How to Enron a CDS

Robert Waldmann

is back to his CDS obsession.

Imagine I’m a banker and I have this problem that they tell me I have to mark assets to market. I don’t like that because it makes my stated profits vary and my bonus depends on accounting profits and I don’t like the risk. How can I get around this ?

Well I can set up a special purpose entity and have it write me a CDS on some instrument I hold (they certainly have done this).

Now this doesn’t protect me from the risk that my instrument will default, because my special purpose entity won’t be able to pay up in case of default. However, it does remove my irritating mark to market problem.

How ? Now I have more assets to mark to market – the original instrument and the CDS that my SPE wrote me. Well fortunately AA rated AIG has also written CDSs on the same instrument and people are buying and selling AIG-CDSs on the instrument.

So I book my SPE-CDS as equal in value to the AIG-CDS. Huh ? That’s crazy. They are totally different instruments with totally different counterparty risk. In my example, the SPE has almost no assets, so its CDS is really worthless. However, the most similar asset which is bought and sold on a market is the AIG-CDS so the mark to market standards tell me to mark the value of my worthless CDS to the value of the AIG-CDS.

I am Enroning. Enron’s main scam was to set up special purpose entities and to book Enron’s claims on the SPEs as assets even though the SPEs were never ever going to pay up.

Now the scam as I’ve described it wouldn’t work — certainly not after the Enron bankruptcy. The transaction with my SPE is anything but arms length. I can’t pretend the price I chose as both parties in the CDS is a market price.

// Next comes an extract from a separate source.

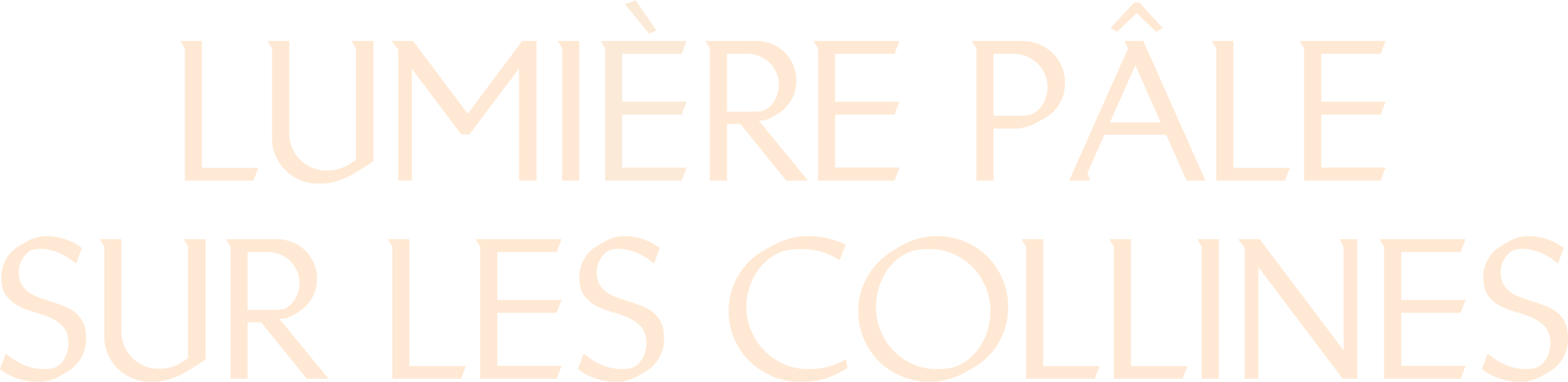Lumière pâle sur les collines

However, I think a similar scam can work if I have a friend at another bank who owns the same instruments. We each set up an SPE to write CDSs for each other. This transaction is still not arms length (I mean this is a scam) but it looks OK.

I think a lot of this was done, that is, a lot of CDSs were totally fake CDSs which everyone knew wouldn’t pay as promised if the insured instruments defaulted. I strongly suspect that a lot of CDSs were really MRSs, that is, a swap of mark to market risk, where one agent buys insurance against changes in the perceived probability of default on an instrument which hasn’t defaulted yet, but not against actual default.

It seems to me that such CDSs are not socially useful. They are useful as an accounting trick so that bankers, traders and hedge fund managers can hide their losses from investing in instruments whose value has declined by fake profits from instruments whose value is falsely marked to the value of a quite different instrument.

Does anyone doubt that people were doing this ? The question is whether a CDS was ever booked as equal to value to another CDS written by a different entity with different counterparty risk. Does anyone doubt that the answer is yes ?

Welcome to the modern world of finance. Aloha.